[Yum-devel] Importing filelists.xml (and SAX)

Sat Jan 29 13:44:58 UTC 2005

On Sat, 29 Jan 2005 16:06:51 +1000, Menno Smits <menno-yum at freshfoo.com> wrote:
> Here's my findings:
> - The purpose of this script was to go straight from XML into the
>    sqlite database to see how fast the data could be imported. I can't
>    think how the import could go much faster. Even so, the import of
>    this 39M filelists.xml still takes around 61s on my machine, and
>    this is for just _1_ repository.
Hi Menno,

If you don't use the quoting provided by the python sqlite module, but
use your own you can probably shave another 10 seconds off, but that's
about it I'm afraid. I've conducted a test with splitting filenames
into directory and filename, but that doesnt help much. What could
help would be to organize the table like this:

fileKey INTEGER PRIMARY KEY,
pkgKey INTEGER,
directory TEXT,
files TEXT,
filetypes TEXT

Populated like this:
directory: /etc/samba
files: file1|file2|link3|file4
filetypes: file|file|link|file

Because requirements for files always include the full pathname this
would still allow for fast searching (when there is an index on
directory) and it would dratiscly reduce the number of database
entries. I\m just making this up as I type here, so there could be
something I'm overlooking and I don't know how much of a speed gain
this would be.

>    Is this really acceptable especially when metadata could change
>    frequently?

The idea is to update the sqlite cache by processing changes only,
this is reasonably fast on my machine but I think we should move to a
situation where the user runs yum makecache in some sort of cron job.

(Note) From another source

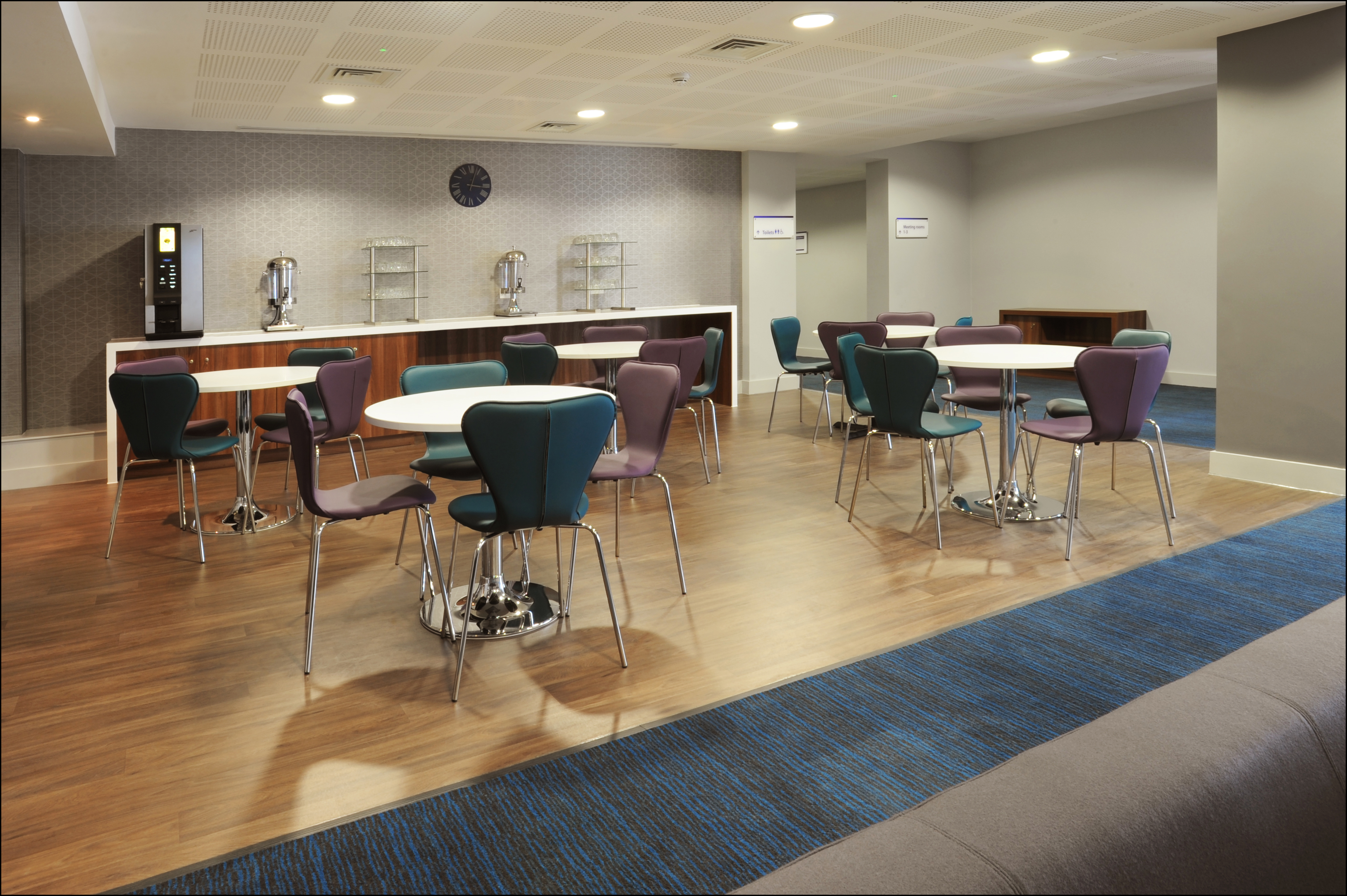 Meeting Room 3 at Holiday Inn Express: versatile space for networking and gatherings.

BTW seth, is it possible to tell yum to not check if the metadata is
still up to date, apart from using the -C option? Very often I just
need to install a package from base I find myself delayed for 20
seconds or so because there are new updates or there are a few new
packages in some 3rd party repo.

>    Gijs has already done a lot of good work with sqlite but I think we
>    should think about this some more before commiting to it. I realise
>    that filelist data is typically used less often but this wait is
>    still fairly excessive.  Should we be investigating other options
>    such as dbm style databases?

Another thing that we could have a look at is at the cache that smart
uses, it uses a custom written cache module written in C. I haven't
had a look at this cache code yet, but smart has a low memory usage
and imports metadata relativly fast, so it might be an alternative.

Greets,
  Gijs